*WORK TASK*.
Copy exactly, and only, the lines from the line containing "Cozy In With" through the last line of the records below, both included, and leave out any pictures.

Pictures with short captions
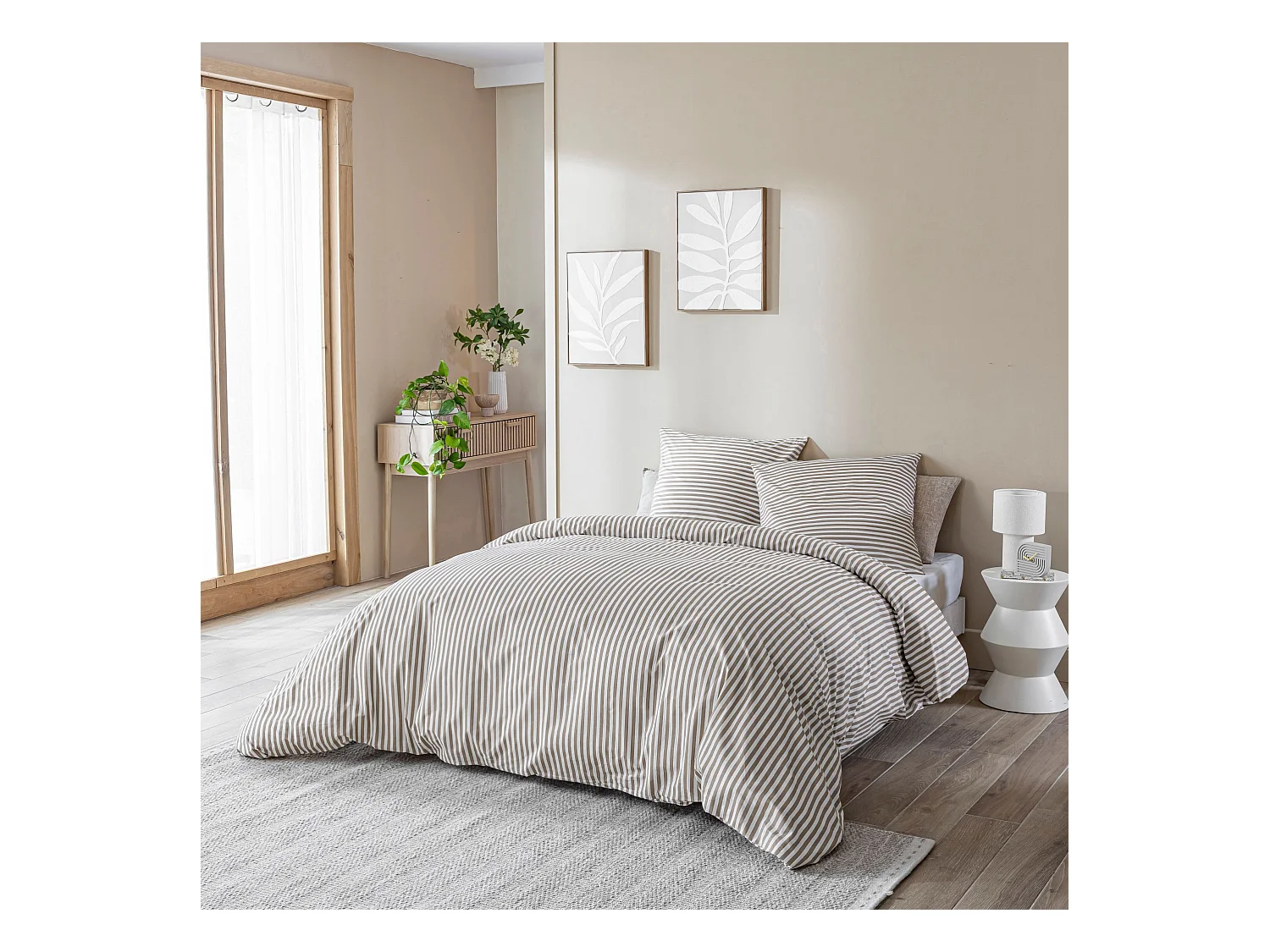 Parure de lit 260x240 coton à rayures taupe Terre de Nuit Horizon
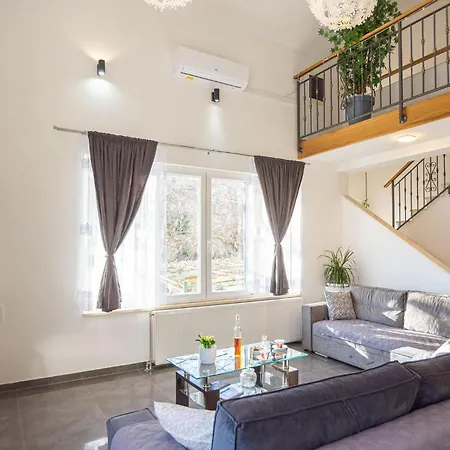 Cozy In With House A Panoramic View Будинок відпочинку *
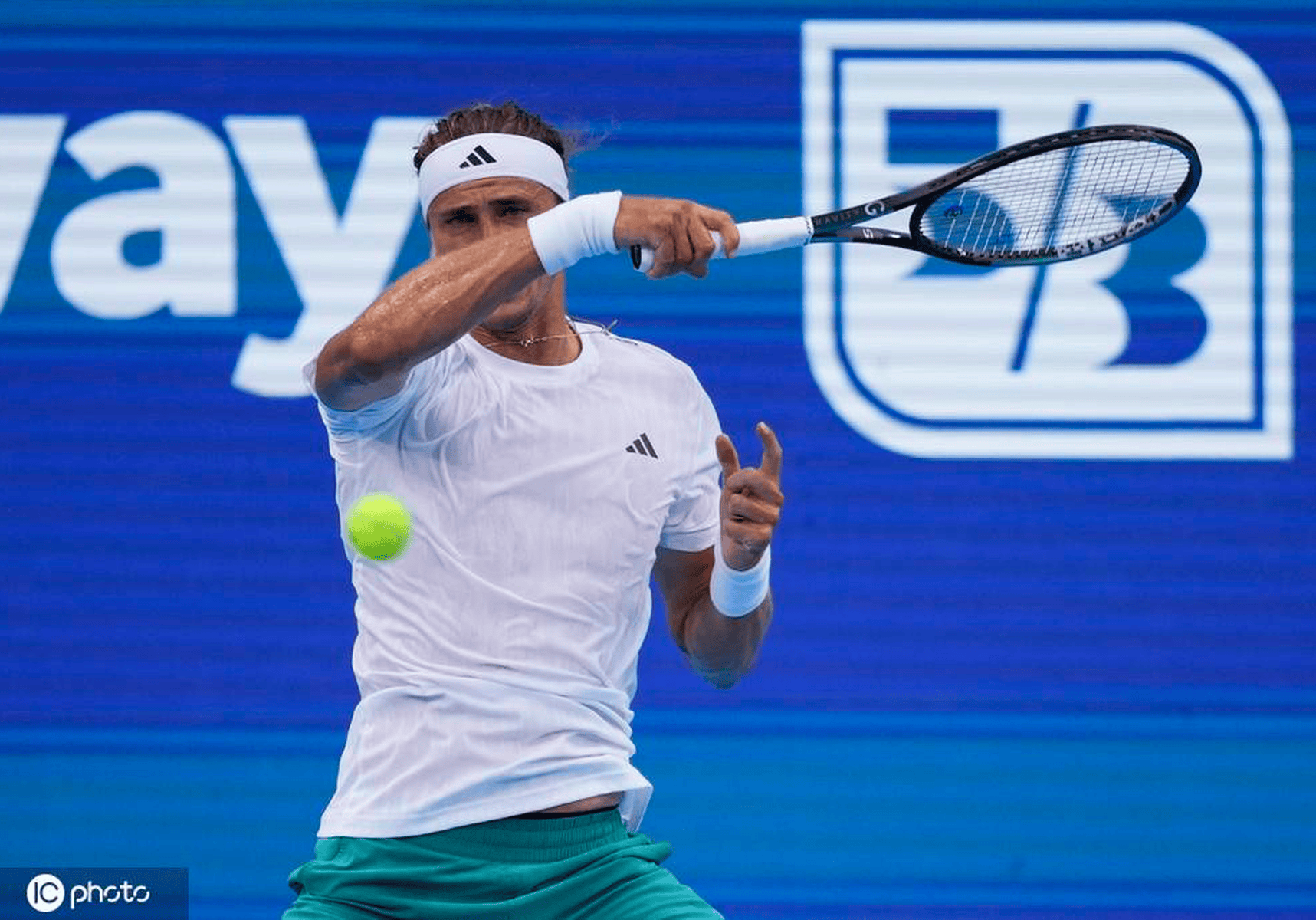 开云体育APP下载-美网完胜温网，兹维列夫统治全场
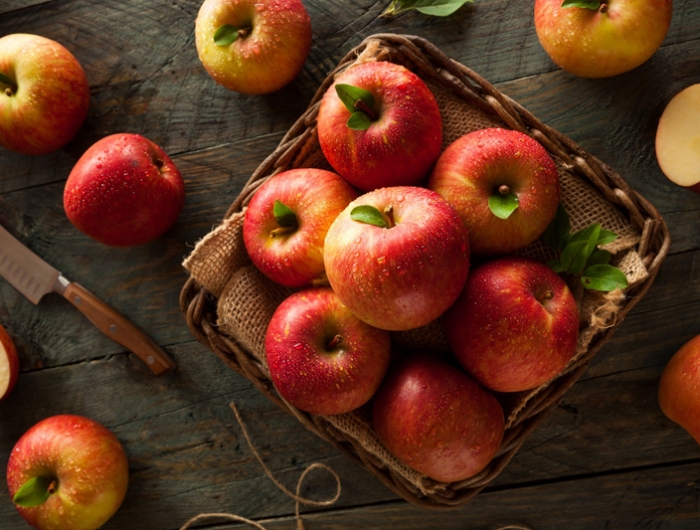 comment conserver les pommes un panier rempli de pommes rouges de type fuji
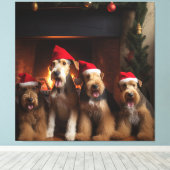 Toile Airedale près de la cheminée Noël (Insitu (Plancher de Bois))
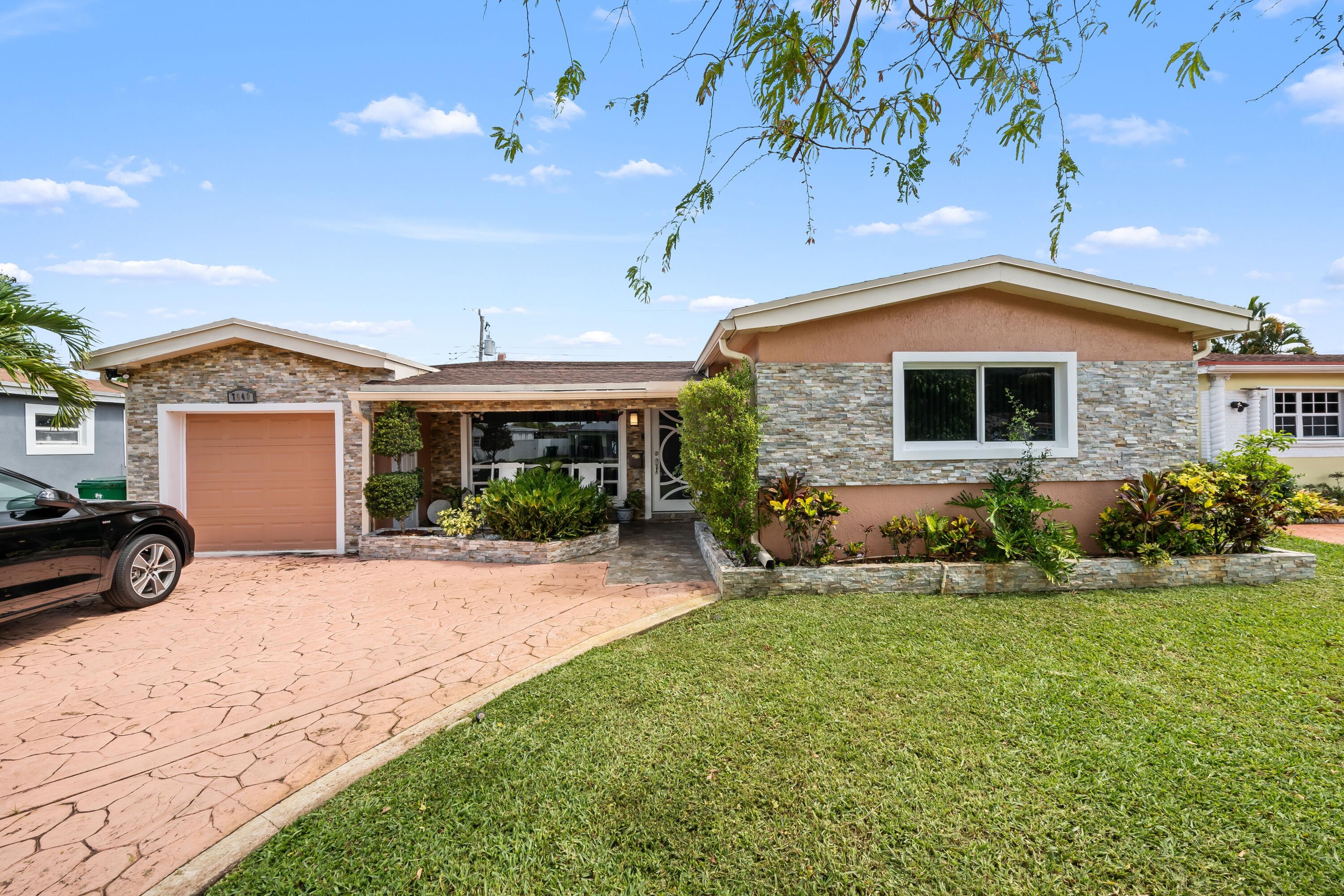 7649 Kismet Street Property Photo 1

*REPLY TO THE EXERCISE*.
 Cozy In With House A Panoramic View Будинок відпочинку *
 开云体育APP下载-美网完胜温网，兹维列夫统治全场
 comment conserver les pommes un panier rempli de pommes rouges de type fuji
 Toile Airedale près de la cheminée Noël (Insitu (Plancher de Bois))
 7649 Kismet Street Property Photo 1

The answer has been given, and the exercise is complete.